__PROBLEM DESCRIPTION__. Before copying, remove every picture, and then repeat all entries below precisely as written.

[Opening SOURCE DATA section]

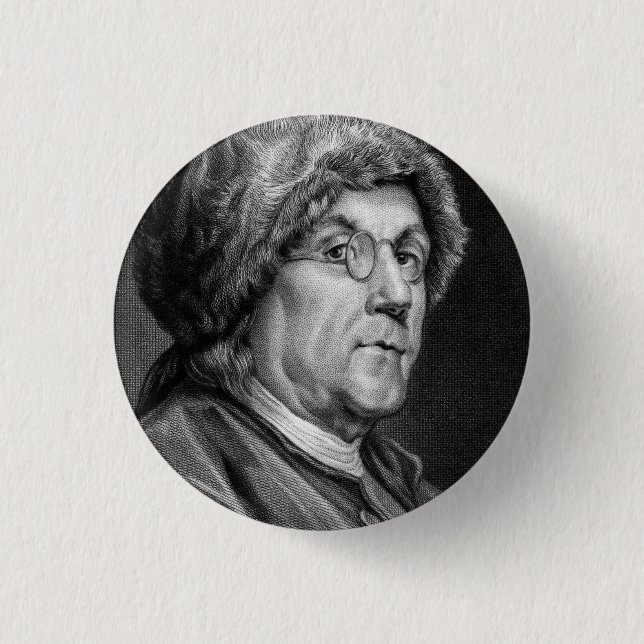 BENJAMIN FRANKLIN 3 CM ROUND BADGE (Front)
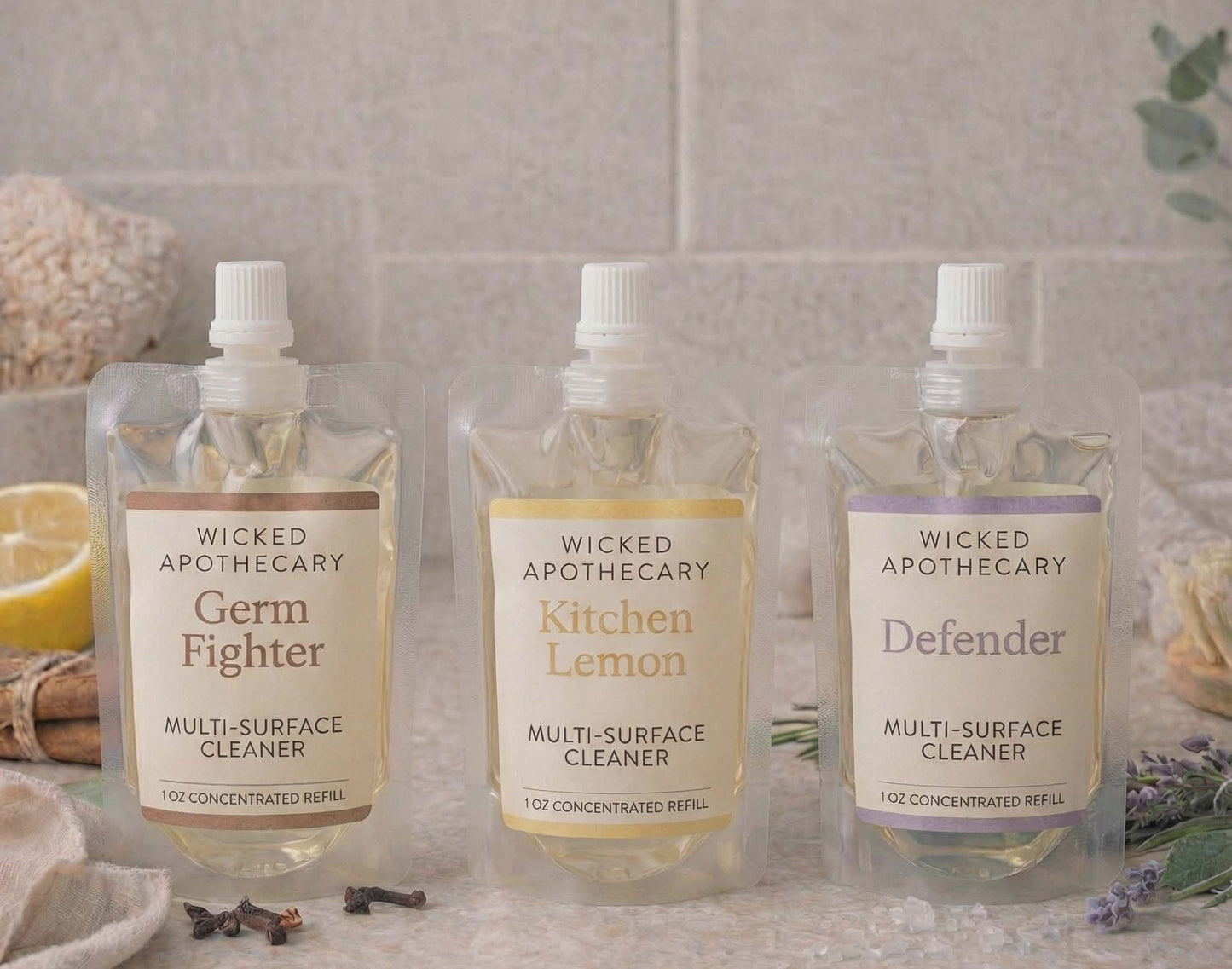 Three bottles of Wicked Apothecary multi-surface cleaners on a bathroom counter.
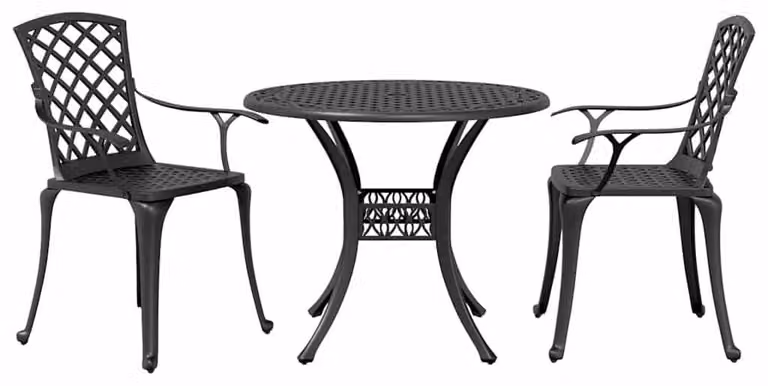 Set da bistrot 3 pezzi, alluminio verniciato nero - Set tavolo e sedie per balcone o terrazzo - Resistente agli agenti atmosferici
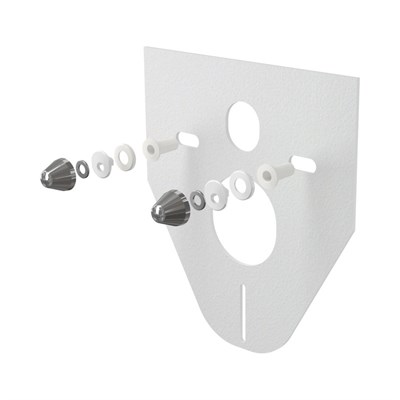 Звукоизоляция для подвесного унитаза и для биде с принадлежностями и колпачками, хром 861866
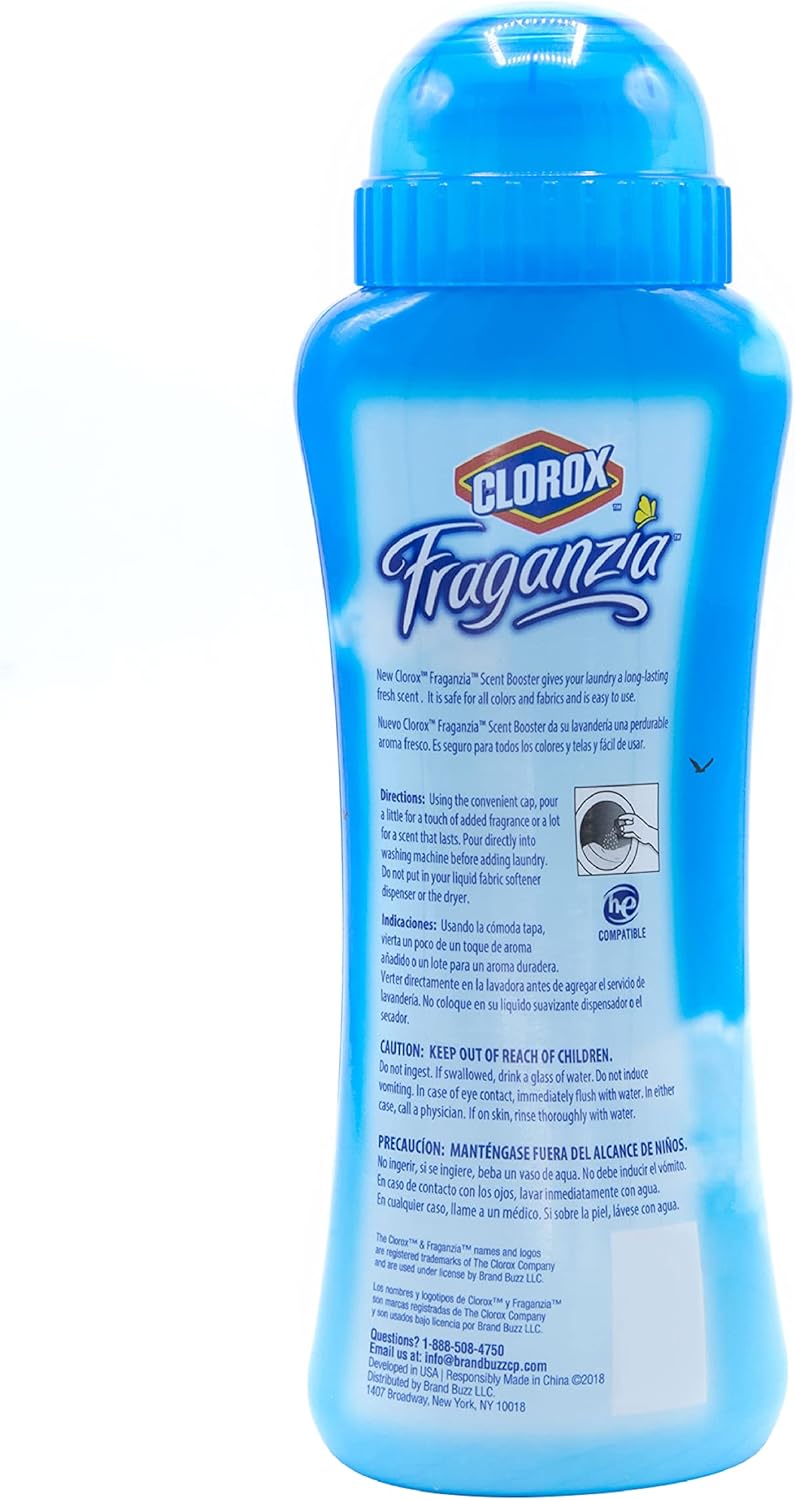 Clorox Fraganzia Laundry Scent Booster Crystals in Morning Sky Scent - Scented In-Wash Freshener Beads for Fresh, Clean, Great Smelling Clothes and Linens, 18 Oz - 2 Pack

[Closing SOURCE DATA section]

__WRITTEN REPLY__.
 BENJAMIN FRANKLIN 3 CM ROUND BADGE (Front)
 Three bottles of Wicked Apothecary multi-surface cleaners on a bathroom counter.
 Set da bistrot 3 pezzi, alluminio verniciato nero - Set tavolo e sedie per balcone o terrazzo - Resistente agli agenti atmosferici
 Звукоизоляция для подвесного унитаза и для биде с принадлежностями и колпачками, хром 861866
 Clorox Fraganzia Laundry Scent Booster Crystals in Morning Sky Scent - Scented In-Wash Freshener Beads for Fresh, Clean, Great Smelling Clothes and Linens, 18 Oz - 2 Pack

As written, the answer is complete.